Operating income from grain handling in the first six months was $10.9 million, more than double the $5.1 million earned during the same period last year. Losses in other sectors dragged total operating income down to $1.3 million, versus a 1995 loss of $2.7 million.
Hayward declined to predict what the company’s bottom line will look like by the end of the year, saying that will be determined in large part by how much money the company makes selling farm input products this spring, especially fertilizer.
“UGG is the grain operation and the input business,” he said. “The grain side is doing well and on the other half, the other shoe’s yet to drop.”
About 70 percent of the company’s crop input sales normally take place between April and June. This year’s late spring delayed the busy season. Sales of canola seed are expected to be down, while sales of fertilizer and chemicals are expected to be strong.
In its report to shareholders for the second quarter of 1995-96, the company says margins have improved on nonboard grains, which is particularly crucial because sales outside the Canadian Wheat Board made up a large part of the company’s grain volumes in the first half of the year.
Cash flow during the six months was 32 cents per share, compared with 14 cents during the same period last year.
Gross profit and revenue from services was 12 percent higher at $87 million, with grain handling providing $59 million, crop production services $13 million and livestock services $11 million.
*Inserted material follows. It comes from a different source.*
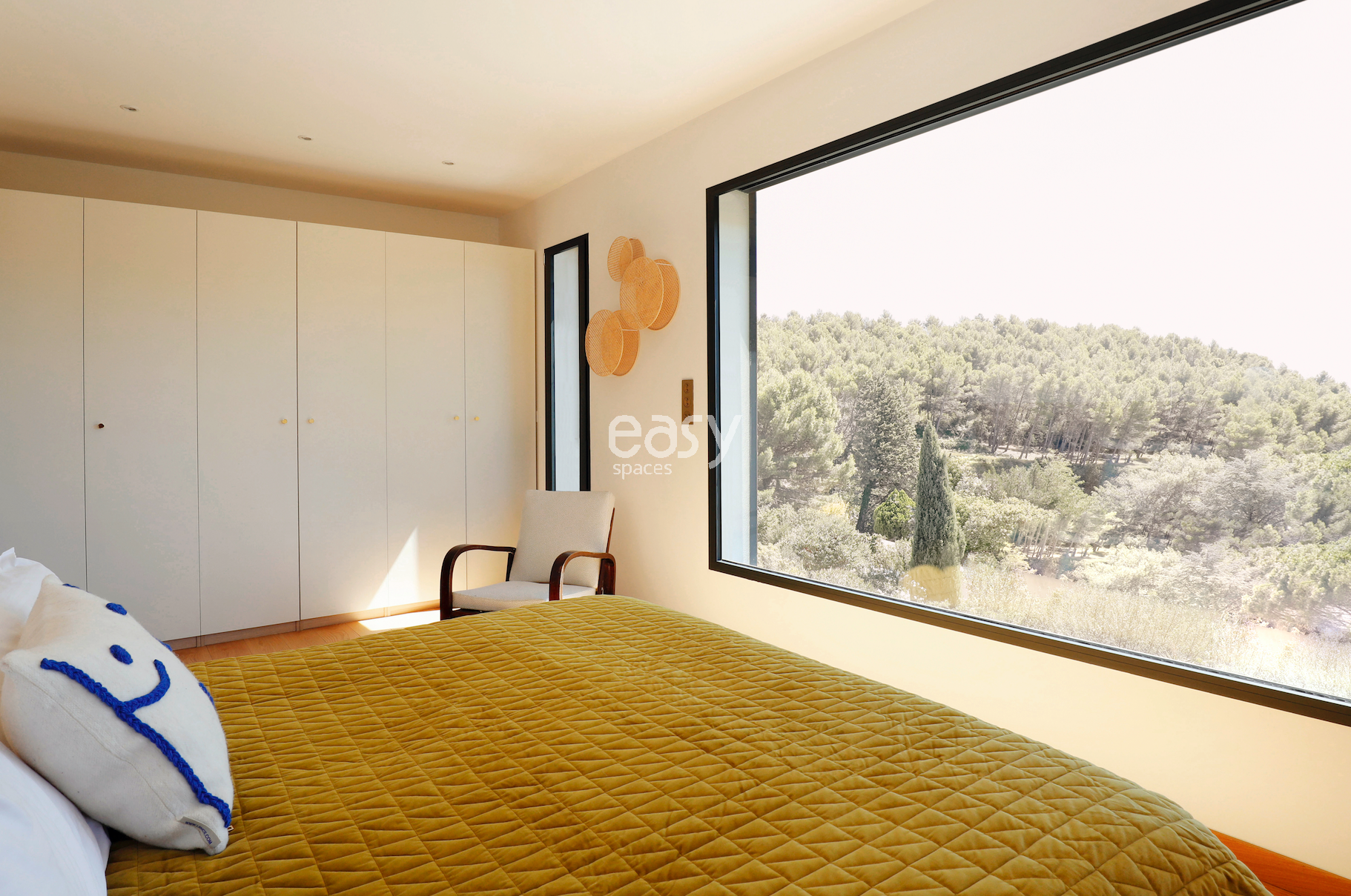 a location with 1970s style aesthetics perfect for photo shoots in the Gard region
Interest expenses were $8.7 million during the first half of the year, compared with $5.8 million, reflecting both higher rates and increased borrowing.
Capital investment during the first half of the year was $7.9 million, compared with more than $20 million during the same period last year.
Hayward said change in the grain handling and transportation sector bodes well for company prospects.
“UGG modernized its balance sheet before major competitors did and undertook to aggressively invest in the type of infrastructure that would be needed in a world of less regulation.”